To enable high-resolution molecular imaging of CAD, where plaques of interest are of 1–5 mm thickness, intravascular near-infrared fluorescence (NIRF) had emerged as a translational intracoronary optical imaging modality that allows high-resolution detection of plaque molecules and cells [17]. More recently, hybrid imaging systems that fully integrate NIRF optical fibers with either intravascular ultrasound (IVUS) or optical coherence tomography (OCT) have been developed [18•, 19, 20•, 21•], enabling co-registered and quantitative molecular and structural imaging. In addition, a first human study using NIR autofluorescence (NIRAF)-OCT has already been performed [22••], demonstrating that NIR fluorescence imaging is feasible in CAD patients. These developments offer the potential to open a new horizon for personalized medical therapy of patients harboring high-risk coronary plaques [10, 23]. The focus of this review is to showcase recent advances in intravascular molecular imaging, with a focus on intravascular NIRF imaging.
Intravascular Imaging of High-Risk, Vulnerable Plaques
While our initial understanding of vulnerable coronary artery plaques derived from autopsy studies, over the past decades, multiple intracoronary imaging techniques have emerged, including IVUS, OCT, and near-infrared spectroscopy (NIRS). These methods have enabled in vivo clinical assessment of plaque structure and lipid-rich necrotic cores. It is important to note NIRS measures plaque lipid solely and is distinct from NIRF (fluorescence) molecular imaging, the focus of this review (Table 1). For more in-depth reviews on standalone IVUS, OCT, and NIRS, please refer to a recent intravascular imaging topical collection [24, 25].
Foundations of Near-Infrared Fluorescence High-Resolution Molecular Imaging
Near-infrared fluorescence (NIRF) molecular imaging is a clinically emerging optical imaging modality due to its high sensitivity, ability to deliver light down flexible fibers, relatively low cost, and the availability of chemical engineered NIR fluorophores that can report on a wide range of in vivo molecular processes [26]. NIRF imaging involves administering targeted or activatable fluorophores, injectable imaging agents that localize and bind to or interact with molecular or cellular target of interest in atheroma [23]. Excitingly, a number of NIRF molecular imaging agents are undergoing testing in patients with cancer (e.g., bevacizumab-IRDye800CW) and should provide an opportunity for further translation to the cardiovascular domain [27••, 28]. Illumination light from the near-infrared spectrum (650–900 nm) is focused on to the arterial wall via optical fibers and is used to excite fluorophores from their ground state (S0) to an excited state (S1, S2). The excited fluorophores then may re-emit light at a longer wavelength (fluorescence emission) and return to the ground state, available for another round of excitation. The emitted NIR fluorescence is collected by intravascular optical fibers housing the appropriate emission filters that exclude illumination light. Emission light (fluorescence) is then captured using a high sensitivity charge-coupled device (CCD) camera [17, 23]. Compared with visible light, near-infrared light-based imaging possesses several features that render it favorable for in vivo imaging: (A) lower absorption by hemoglobin allowing NIR light penetration through blood; (B) reduced scattering allowing deeper tissue penetration of light; and (C) reduced tissue autofluorescence, allowing more sensitive detection of injectable NIRF molecular imaging agents [29, 30].
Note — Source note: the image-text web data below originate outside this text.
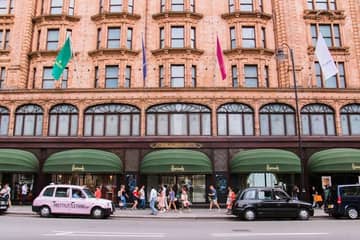 Harrods sales slightly up but profits dip from flagship revamp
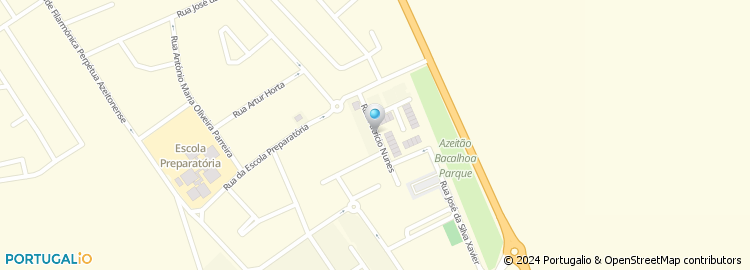 Mapa de Rua Patrício Nunes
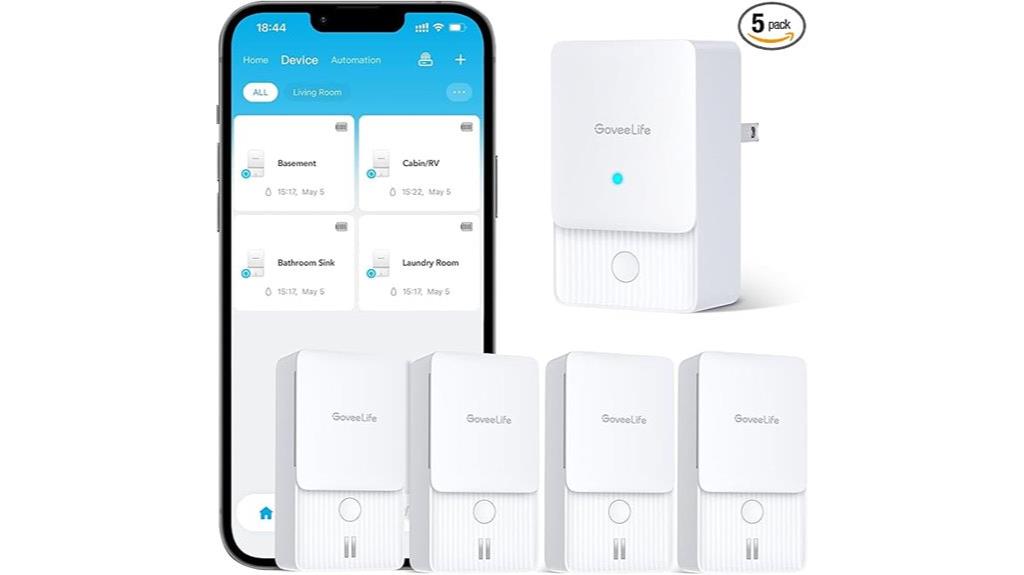 smart leak detector pack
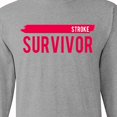 thumbnail image 4 of Inktastic Stroke Survivor Long Sleeve T-Shirt, 4 of 5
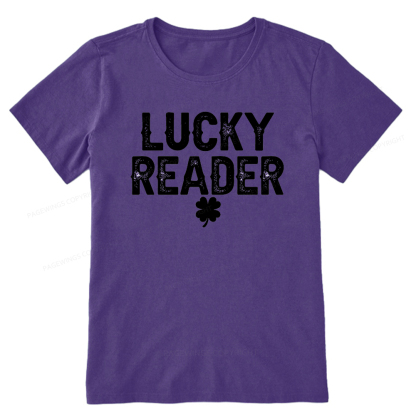Pagewings Lucky and Lucky Fucker Graphic Tees Unisex Classic T-shirt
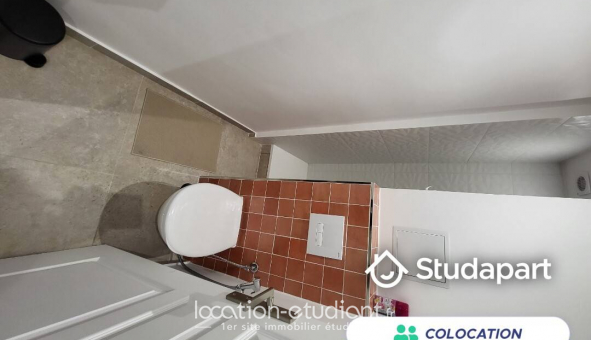 Colocation �tudiante Studio &agrave; Cr�teil (94000)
The first intravascular, real-time in vivo NIRF catheter-based molecular imaging approach was described by Jaffer et al. in 2008 [31]. After injecting a cysteine protease-activatable NIRF molecular imaging agent (ProSense750/VM110), the NIRF fiber was percutaneously inserted into rabbit iliac arteries (1.5–2.5 mm in diameter) and was able to detect plaque inflammation through blood [31]. This non-rotational prototype, however, operated in a one-dimensional fashion, sensing the NIRF signal from a limited section of the circumferential arterial wall in a spectroscopic-type mode. To overcome these limitations, our group next developed a two-dimensional rotational NIRF intravascular catheter with automated pullback, to enhance the axial/longitudinal anatomical accuracy of the generated images. This allowed the construction of real-time, in vivo images of stented rabbit aortas [32••]. The group found increased stent-induced inflammatory activity around the edges of implanted stents, enabling a new in vivo to approach to assess stent-induced vascular injury and healing. However, this 2D NIRF approach employed a standalone imaging catheter, and required a second intravascular imaging catheter (i.e. IVUS) to provide anatomical information. This limitation provided the motivation to develop multimodal NIRF imaging systems.
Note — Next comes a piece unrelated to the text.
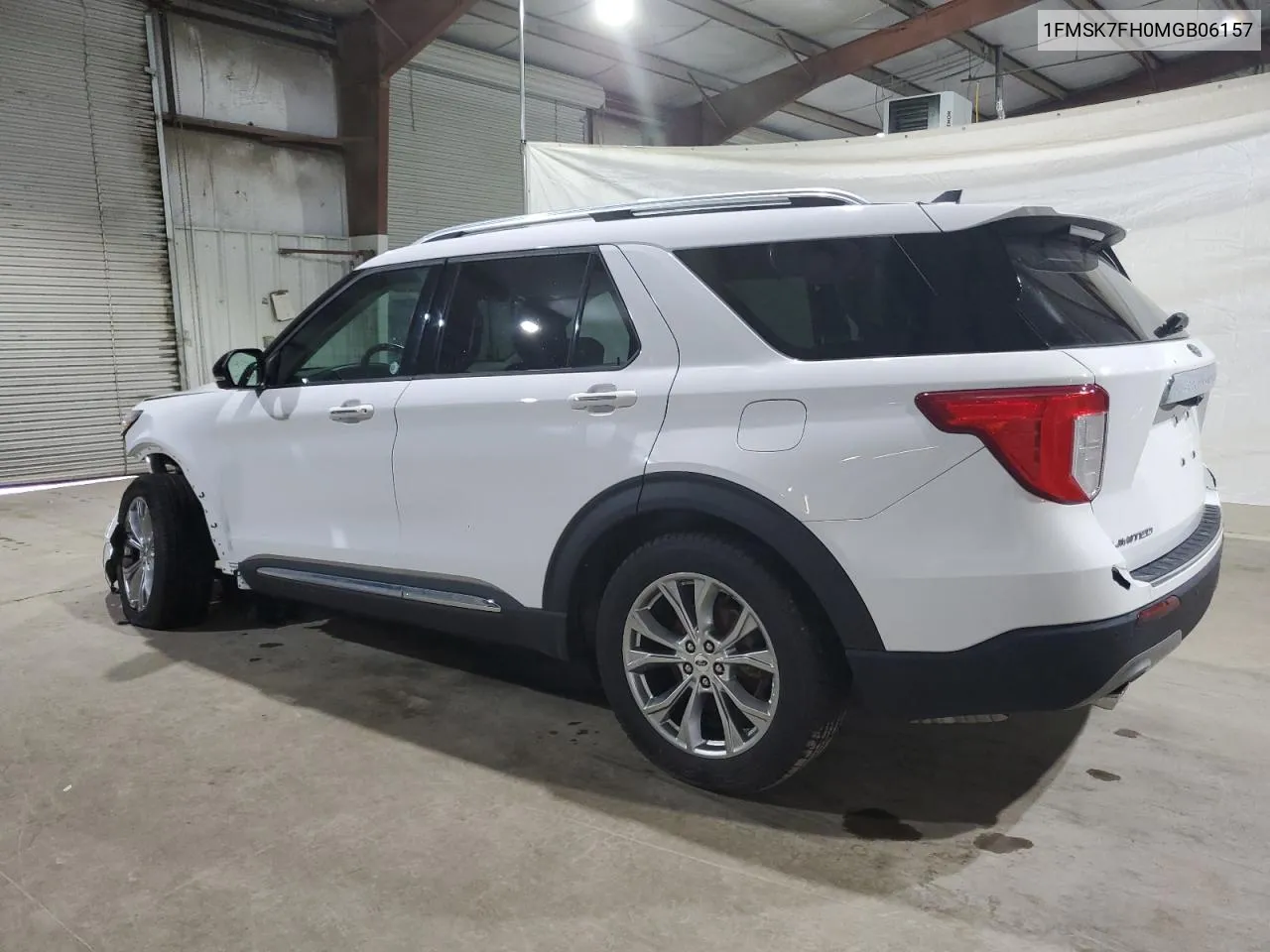 2021 Ford Explorer Limited VIN: 1FMSK7FH0MGB06157 Lot: 53777334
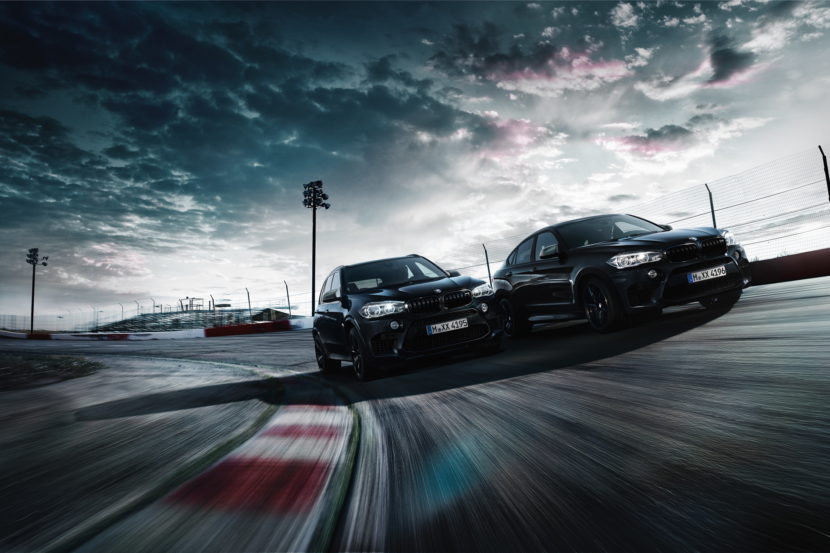 The Black Fire Edition of the BMW X5 M and BMW X6 M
Hybrid Intravascular Near-Infrared Fluorescence Molecular Imaging
To enable simultaneous molecular and structural imaging via a single catheter, intravascular imaging systems combining NIRF and OCT have been developed [18•, 33]. This has enabled exact co-registration of molecular and structural imaging signals and furthermore allows for distance correction of NIRF signal based on the catheter distance to the lumen-wall border (Fig. 1) [11].
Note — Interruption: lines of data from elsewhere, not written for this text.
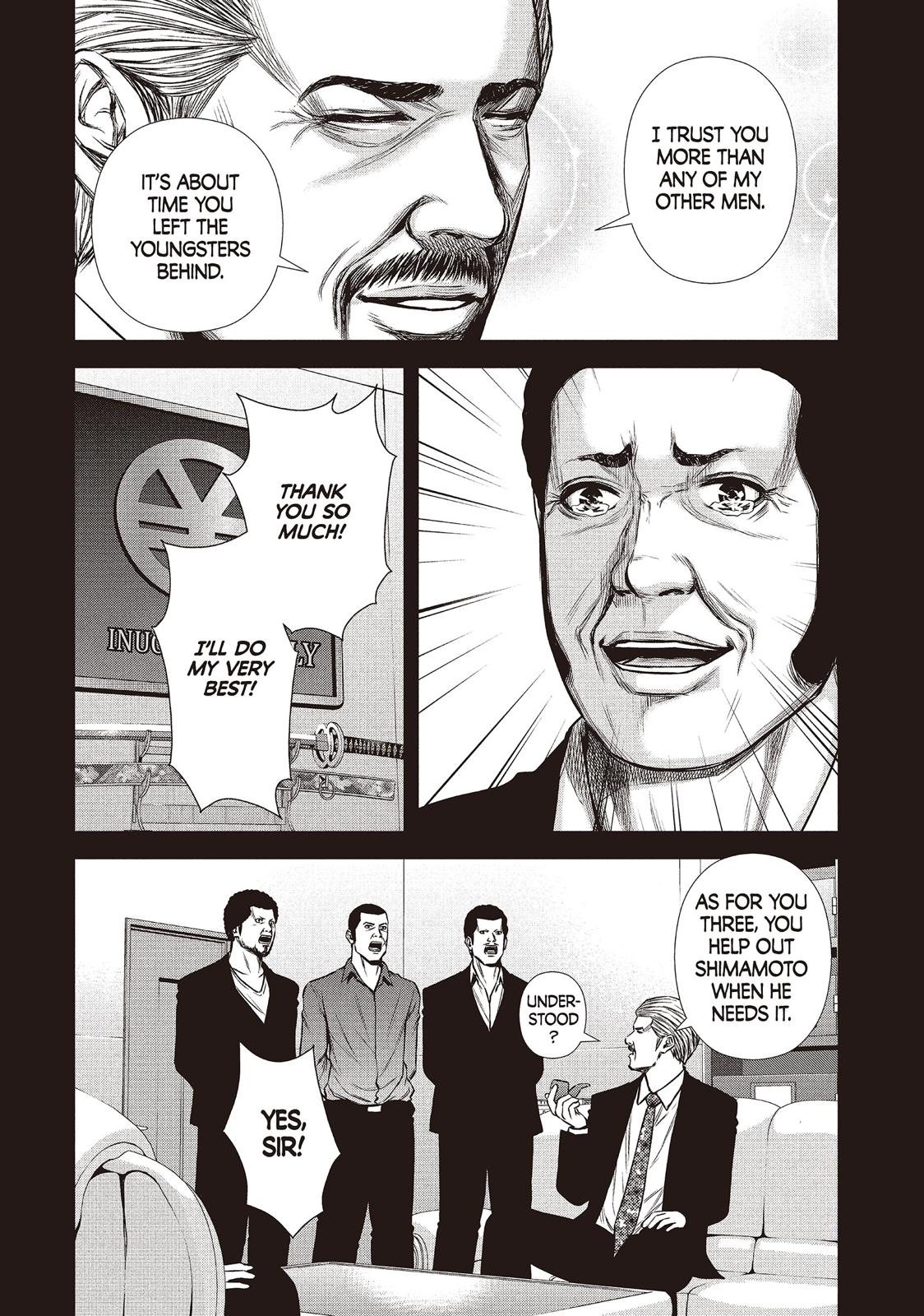 Back Street Girls - Washira Idol Hajimemashita. Chapter 120 page 3 - Chapter 120
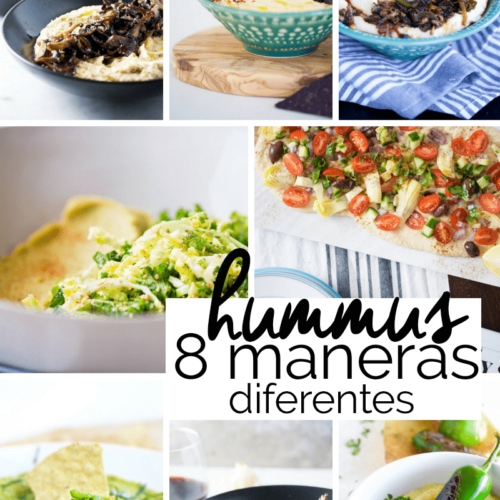 8 recetas de hummus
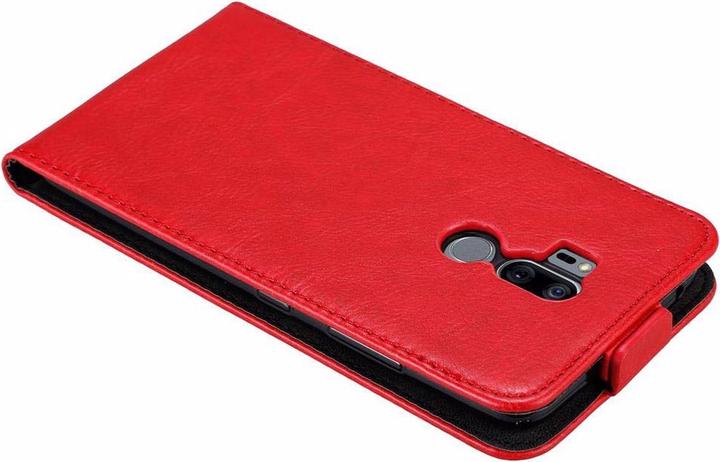 Produktbild Cadorabo Flip wie Invisible Cover (LG G7 ThinQ, OnePlus X, LG G7 Fit)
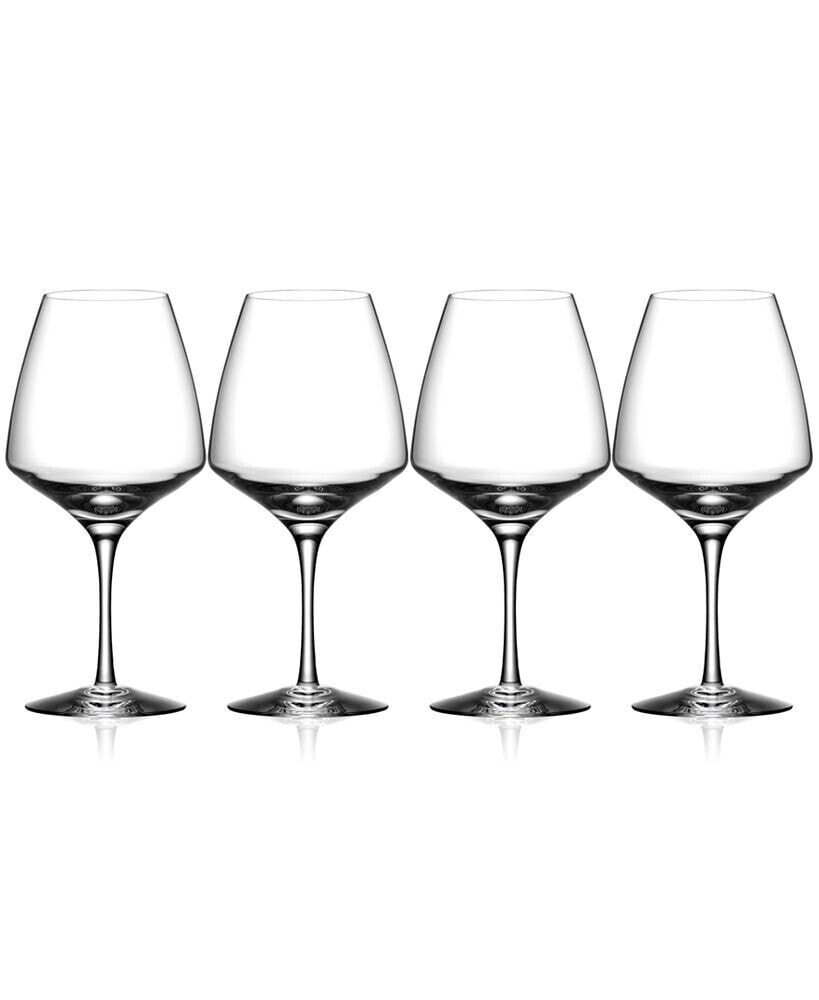 Orrefors pulse Wine Glasses, Set of 4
Serial in vivo dual-modality optical coherence tomographic-near-infrared fluorescence (OCT-NIRF) and intravascular ultrasound (IVUS) imaging was completed at weeks 8 and 12 after balloon injury to rabbit aorta. ProSenseVM110, a fluorophore that detects cathepsin protease activity, was injected 24 h prior to imaging. (A) Longitudinal co-registered NIRF-IVUS imaging at 8 and 12 weeks. (B) Axial NIRF-OCT fusion image (yellow/white: high near-infrared fluorescence; blue/black: low near-infrared fluorescence) at the location of the white dotted line in (A), second row (near-infrared fluorescence, 12 weeks). Matched cross-sectional fluorescence microscopy (red: ProSense VM110; green: autofluorescence) and histopathology demonstrates increased ProSense VM110 NIRF signal within a moderate fibrofatty atheroma (H&E) associated with cathepsin B immunostain. Scale bars, 1 mm (reprinted from Bourantas et al. [11], with permission from the European Society of Cardiology)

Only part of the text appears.